The presidents of both Georgia and Poland heard gunfire as their motorcade approached the disputed province of South Ossetia, nominally Georgian territory. Russia denied firing on the motorcade, but their foreign minister accused Mikhail Saakashvili of a “provocation” by driving close to the border:
Russia denied its troops fired on a motorcade carrying Georgian President Mikheil Saakashvili and his Polish counterpart near the breakaway region of South Ossetia.
“There was no shooting from our positions or from the position of the South Ossetia troops,” Foreign Minister Sergei Lavrov told reporters late yesterday in Peru’s capital, Lima. …
As the presidents’ vehicles approached a checkpoint outside the disputed South Ossetian town of Akhalgori, gunshots were fired, she said. No one was injured in the shooting and the motorcade headed back to the Georgian capital, Tbilisi.
The entire incident was a “provocation,” said Lavrov, who was in Lima for the Asia-Pacific Economic Cooperation summit.

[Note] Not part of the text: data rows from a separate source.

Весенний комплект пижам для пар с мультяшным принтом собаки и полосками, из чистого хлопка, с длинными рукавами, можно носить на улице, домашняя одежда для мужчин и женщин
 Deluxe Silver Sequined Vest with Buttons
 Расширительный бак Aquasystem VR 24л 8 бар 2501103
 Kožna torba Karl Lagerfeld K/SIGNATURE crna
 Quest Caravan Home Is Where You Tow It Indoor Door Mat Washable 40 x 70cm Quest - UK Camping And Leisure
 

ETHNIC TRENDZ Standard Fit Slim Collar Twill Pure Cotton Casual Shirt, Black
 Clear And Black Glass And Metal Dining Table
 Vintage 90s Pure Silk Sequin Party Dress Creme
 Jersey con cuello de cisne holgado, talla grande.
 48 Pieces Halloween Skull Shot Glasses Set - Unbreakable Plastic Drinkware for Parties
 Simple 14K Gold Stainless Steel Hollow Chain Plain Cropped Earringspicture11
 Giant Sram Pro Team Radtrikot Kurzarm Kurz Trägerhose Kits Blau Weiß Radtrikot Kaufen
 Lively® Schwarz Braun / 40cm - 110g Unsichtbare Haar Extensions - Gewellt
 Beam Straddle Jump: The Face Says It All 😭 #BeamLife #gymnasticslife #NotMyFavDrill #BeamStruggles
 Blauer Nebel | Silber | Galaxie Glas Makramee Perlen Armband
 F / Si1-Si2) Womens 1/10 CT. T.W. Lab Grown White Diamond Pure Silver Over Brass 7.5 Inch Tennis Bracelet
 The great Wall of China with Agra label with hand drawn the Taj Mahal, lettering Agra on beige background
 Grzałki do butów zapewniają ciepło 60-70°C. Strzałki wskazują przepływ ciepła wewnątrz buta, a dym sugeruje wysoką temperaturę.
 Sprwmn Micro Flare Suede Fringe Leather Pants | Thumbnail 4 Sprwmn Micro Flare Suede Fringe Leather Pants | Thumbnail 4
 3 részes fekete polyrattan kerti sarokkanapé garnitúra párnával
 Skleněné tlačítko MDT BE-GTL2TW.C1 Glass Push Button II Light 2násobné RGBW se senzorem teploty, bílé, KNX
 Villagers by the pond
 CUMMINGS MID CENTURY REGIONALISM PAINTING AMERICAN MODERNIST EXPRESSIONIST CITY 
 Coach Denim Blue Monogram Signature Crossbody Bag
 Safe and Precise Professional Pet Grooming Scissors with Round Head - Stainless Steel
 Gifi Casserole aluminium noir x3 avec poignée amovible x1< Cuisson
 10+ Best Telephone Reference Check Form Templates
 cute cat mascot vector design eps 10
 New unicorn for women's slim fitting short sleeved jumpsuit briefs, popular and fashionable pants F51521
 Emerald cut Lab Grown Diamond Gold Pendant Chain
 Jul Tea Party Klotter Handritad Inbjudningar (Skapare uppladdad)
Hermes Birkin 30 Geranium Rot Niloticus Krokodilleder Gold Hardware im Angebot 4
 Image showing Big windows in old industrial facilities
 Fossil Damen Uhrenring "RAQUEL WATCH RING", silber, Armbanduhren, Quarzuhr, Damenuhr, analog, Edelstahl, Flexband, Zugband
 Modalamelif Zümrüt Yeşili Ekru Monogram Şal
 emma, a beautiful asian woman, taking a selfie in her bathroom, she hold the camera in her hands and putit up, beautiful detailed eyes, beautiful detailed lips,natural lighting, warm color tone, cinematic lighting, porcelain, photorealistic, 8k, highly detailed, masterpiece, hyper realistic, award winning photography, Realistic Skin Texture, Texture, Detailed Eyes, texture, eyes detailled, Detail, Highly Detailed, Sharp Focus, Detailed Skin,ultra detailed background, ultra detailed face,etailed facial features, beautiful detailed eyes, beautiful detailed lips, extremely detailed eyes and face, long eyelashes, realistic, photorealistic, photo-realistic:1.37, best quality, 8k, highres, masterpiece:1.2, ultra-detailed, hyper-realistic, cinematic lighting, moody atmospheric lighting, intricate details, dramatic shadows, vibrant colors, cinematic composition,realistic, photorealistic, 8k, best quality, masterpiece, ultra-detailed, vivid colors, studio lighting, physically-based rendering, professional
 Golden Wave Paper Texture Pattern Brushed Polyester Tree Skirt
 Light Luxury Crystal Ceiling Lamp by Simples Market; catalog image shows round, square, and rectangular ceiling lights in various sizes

“When the president is being invited for some celebration in Tbilisi and they put him in a car and take him to a different state, this is a true provocation,” he said.
Russia recognized South Ossetia’s independence following the Russian invasion of Georgia in August, but they are the only nation to do so. All other nations recognize Georgian sovereignty over both South Ossetia and Abkhazia, which means Saakashvili has every right to enter the state. Even if that right is somehow under dispute, his approach to the checkpoint should not have been greeted with gunfire.
Moscow appears to want a new war with Georgia, having had its ambitions in the first skirmish left unrealized. However, circumstances have changed significantly since August. The price of oil has tumbled by two-thirds since its summer peak of $147 per barrel, and the Russian economy has all but collapsed with it. They can’t afford to spend billions of rubles on another military adventure, and they can’t afford to further antagonize the Western industrial nations.
In the summer, they had Europe over a barrel (of oil). Now that power differential has reversed somewhat, and Russia needs European assistance to survive. And Europe may not be all that interested in assisting Vladimir Putin with his czarist ambitions, especially when Russia shoots at the president of an EU nation. Expect the eastern European nations to become especially cold to Putin, Medvedev, and the Russian calls for assistance.